İklim göçü konusu geçen hafta yayınlanan İklim Şurası sonuç bildirgesinde de yer aldı. Etraf Bakanlığı tarafından 21-25 Şubat’ta Konya’da düzenlenen İklim Şurası’nın sonuç bildirgesi ile belirlenen 217 tavsiye kararı ortasında göçe ait olanlar da var. Bu kararlar bir yol haritasının bazını oluşturacağı üzere bir “İklim Kanunu”na da referans kaynağı olacak. Şura kararlarının “İklim Göçü” başlıklı kısmında iklim göçü “İklim kaidelerinde meydana gelen ani ya da etaplı değişiklikler yüzünden, mutat yerleşim yerlerinin zarurî yahut isteğe bağlı nedenlerle, süreksiz yahut daimî halde terk edilmesi suretiyle ülke içinde gerçekleşen ya da ülke dışına gitme formunda ortaya çıkan bireylerin ve toplulukların yer değiştirme faaliyeti olarak ele alınmalıdır” diye tanımlanarak, şu tavsiyelerde bulunuluyor:

– İklim değişikliği kaynaklı sebeplerle ülke içinde yaşanan yer değiştirmeler (iç göç) ve kendi ülkesinden iklim değişikliği kaynaklı sebeplerle göç etmek durumunda olan şahısların (dış göç) durumları başka ele alınmalı ve bu hususlarla ilgili farklı siyasetler üretilmelidir.

– İklim göçü süreç idaresi yaklaşımı ile ele alınmalıdır. İklim göçü dâhil olmak üzere iklim değişikliğinin su, güç, ulaştırma, sıhhat, eğitim üzere kamu hizmet sunumunda ve istihdamda ortaya çıkarabileceği tesirler tespit edilmeli ve bu doğrultuda ekosisteme baskı yaratan problemlerin azaltılmasına yönelik tedbirler alınmalı, çalışmalar yapılmalı, stratejiler ve bölgesel hareket planları oluşturulmalı, mevcut çalışmalar da değerlendirilmelidir.
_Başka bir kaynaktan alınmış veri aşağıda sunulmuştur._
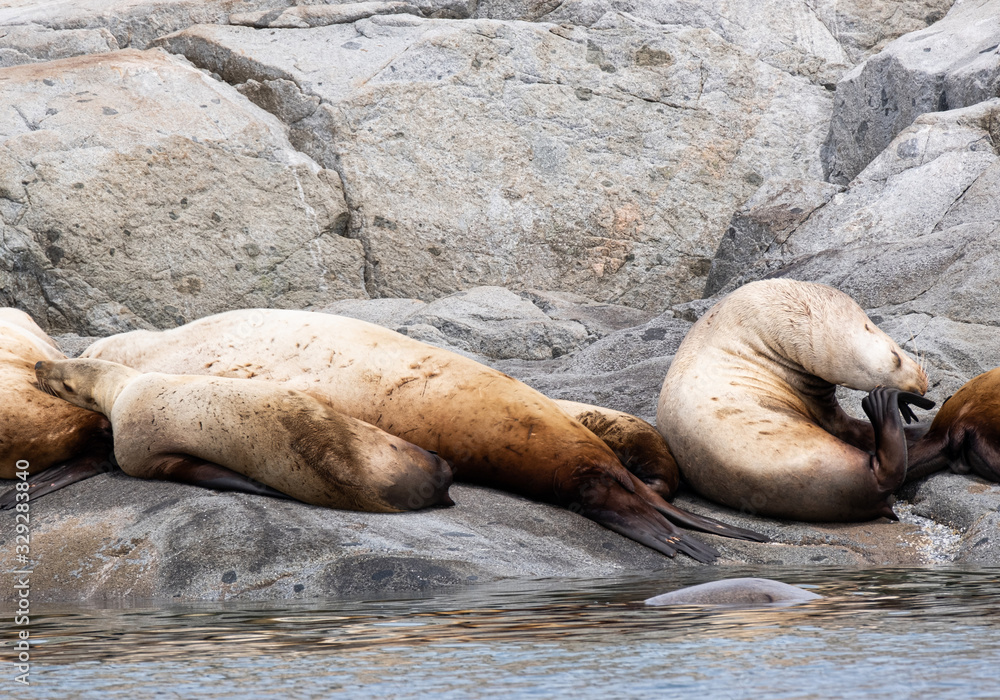 Fototapeta premium A group of golden brown sea lions sunning themselves on rocks by the water in Tofino, Canada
– Kırsal alanda göç alma ve vermeye bağlı olarak ortaya çıkabilecek başta besin güvenliği ve üretim daralması, tarım alanlarının atıl kalması üzere iklim değişikliğine bağlı olumsuz sonuçlara/risklere karşı çalışmalar yapılmalıdır.

– Kırılgan kümeler güçlendirilmeli, bayan tarım üreticileri başta olmak üzere tüm üreticileri desteklemeye yönelik teknik ve finansal takviye düzenekleri oluşturulmalıdır.

– İklim değişikliği kaynaklı yer değiştirmelerde, göç alan ve göç verme riski olan kentsel ve kırsal alanların iklim değişikliğinin sonuçlarından etkilenebilirlikleri kıymetlendirilerek, bu yerleşimlerin dirençli hale gelebilmesi için başta merkezi ve lokal kamu yönetimleri olmak üzere tüm tarafların iş birliği yapmasına yönelik çalışmalar gerçekleştirilmelidir.

– Göç nedeniyle ülkemize hudut kapılarından girebilecek istilacı yabancı çeşitlerin önlenmesine yönelik olarak hudut kapılarında denetim sistemi kurulmalıdır.

REKLAM ALANI
BU KONUYU SOSYAL MEDYA HESAPLARINDA PAYLAŞ
ZİYARETÇİ YORUMLARI

Henüz yorum yapılmamış. İlk yorumu aşağıdaki form aracılığıyla siz yapabilirsiniz.